We think, however, as we will undertake now to show, that defendant Jenkins was entitled to a directed verdict on both counts, and that Douglas was entitled to such verdict on the third count. As to the first count, we observe that the evidence is that Douglas was engaged merely in operating the car in question. This has been held not to be an act of management, even though at the time he was the manager. It was only an act of fellow service. Reed v. Ridout's Ambulance,212 Ala. 428, 102 So. 906. Any act of an employee in the line and scope of his employment which is not one of general management bears towards the other employees in the same line of the business the relation of fellow service, unless it is the performance of a duty which is not delegable by the master, and, though it is negligent, the master is not liable on a common-law count to another fellow servant likewise engaged in such business who is injured as a proximate result of such negligence. This court does not recognize the doctrine of common-law liability for the acts of a superior servant who is not a general manager, unless his acts are such as that they are not delegable by the master. Alabama G. S. R. R. Co. v. Vail, 142 Ala. 134, 38 So. 124, 110 Am. St. Rep. 23; Georgia Pac. R. R. Co. v. Davis, 92 Ala. 300, 312, 313, 9 So. 252, 25 Am. St. Rep. 47; Postal Tel. Co. v. Hulsey, 115 Ala. 193, 204,22 So. 854.

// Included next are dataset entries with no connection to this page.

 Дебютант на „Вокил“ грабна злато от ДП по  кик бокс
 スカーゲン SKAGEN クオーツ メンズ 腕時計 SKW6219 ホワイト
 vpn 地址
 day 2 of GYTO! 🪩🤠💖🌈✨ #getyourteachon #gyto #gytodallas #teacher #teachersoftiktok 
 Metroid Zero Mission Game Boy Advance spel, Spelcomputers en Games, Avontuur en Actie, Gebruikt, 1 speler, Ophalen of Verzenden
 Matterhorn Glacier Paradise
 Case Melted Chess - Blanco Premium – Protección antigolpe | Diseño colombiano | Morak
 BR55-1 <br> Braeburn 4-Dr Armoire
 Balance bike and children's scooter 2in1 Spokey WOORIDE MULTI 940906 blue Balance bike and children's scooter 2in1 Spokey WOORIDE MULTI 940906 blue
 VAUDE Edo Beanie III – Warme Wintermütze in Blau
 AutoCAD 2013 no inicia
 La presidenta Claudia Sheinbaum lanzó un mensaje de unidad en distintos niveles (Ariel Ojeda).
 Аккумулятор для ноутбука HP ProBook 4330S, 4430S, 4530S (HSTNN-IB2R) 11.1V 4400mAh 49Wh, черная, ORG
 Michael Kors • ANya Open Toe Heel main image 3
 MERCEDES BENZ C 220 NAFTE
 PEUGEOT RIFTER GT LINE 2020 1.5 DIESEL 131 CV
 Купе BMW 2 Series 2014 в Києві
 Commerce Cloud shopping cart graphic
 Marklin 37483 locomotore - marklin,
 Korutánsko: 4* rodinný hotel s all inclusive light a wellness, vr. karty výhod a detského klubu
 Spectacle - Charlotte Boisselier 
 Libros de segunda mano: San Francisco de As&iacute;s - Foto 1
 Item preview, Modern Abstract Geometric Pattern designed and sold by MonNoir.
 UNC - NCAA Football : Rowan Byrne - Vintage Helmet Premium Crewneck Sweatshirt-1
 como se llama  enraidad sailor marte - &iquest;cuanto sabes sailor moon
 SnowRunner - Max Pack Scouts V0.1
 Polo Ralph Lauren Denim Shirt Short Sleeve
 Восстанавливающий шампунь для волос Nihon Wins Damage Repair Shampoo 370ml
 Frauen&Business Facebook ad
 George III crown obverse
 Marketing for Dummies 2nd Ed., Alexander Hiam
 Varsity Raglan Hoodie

This doctrine would, of course, apply to a superintendent who was not a general manager. For such negligence of a superintendent the Employers' Liability Act provides. But the benefits of such act must be invoked by proper pleading. The first count is not so framed. The evidence, therefore, does not sustain that count as against Jenkins. Jenkins was also entitled to a directed verdict on the third count. Assuming its sufficiency, the negligence of the superintendent in intrusting the operation of the car to an incompetent driver cannot be sustained by proof that he intrusted it to himself, assuming also that he was incompetent. This appears to us to be self-evident.

In assuming the operation of the car, there was no employment of an incompetent driver, nor any act of superintendence over plaintiff's intestate, while in operating it he was no more than a fellow servant with him. Linderman v. T. C., I. R. R. Co., 177 Ala. 378, 58 So. 900; Reed v. Ridout's Ambulance, supra; General Exch. Ins. Co. v. Findlay, 219 Ala. 193,121 So. 710. There was therefore no proof of the negligent act of the superintendent as alleged in this count.

A verdict for defendants may be directed when the evidence does not tend to prove plaintiff's cause of action. Reed v. Ridout's Ambulance, supra; Stowers v. Dwight Mfg. Co., 202 Ala. 253,80 So. 90; Crim v. L. N. R. R. Co., 206 Ala. 110,89 So. 376; McMillan v. Aiken, 205 Ala. 35, 88 So. 135; Watts v. Metropolitan Life Ins. Co., 211 Ala. 404, 406, 100 So. 812.

We conclude as the result of what we have said that Jenkins was entitled to a directed verdict on both counts of the complaint, and that Douglas was likewise entitled to such verdict on the third count, but that as to him it was properly submitted to the jury on the first count.

We do not wish to imply that we conclude that the evidence was sufficient to go to the jury to show that Douglas was acting in the line and scope of his authority in making the trip.

For the errors which we have stated, the judgment must be reversed and the cause remanded.

Reversed and remanded.

ANDERSON, C. J., and GARDNER and BOULDIN, JJ., concur.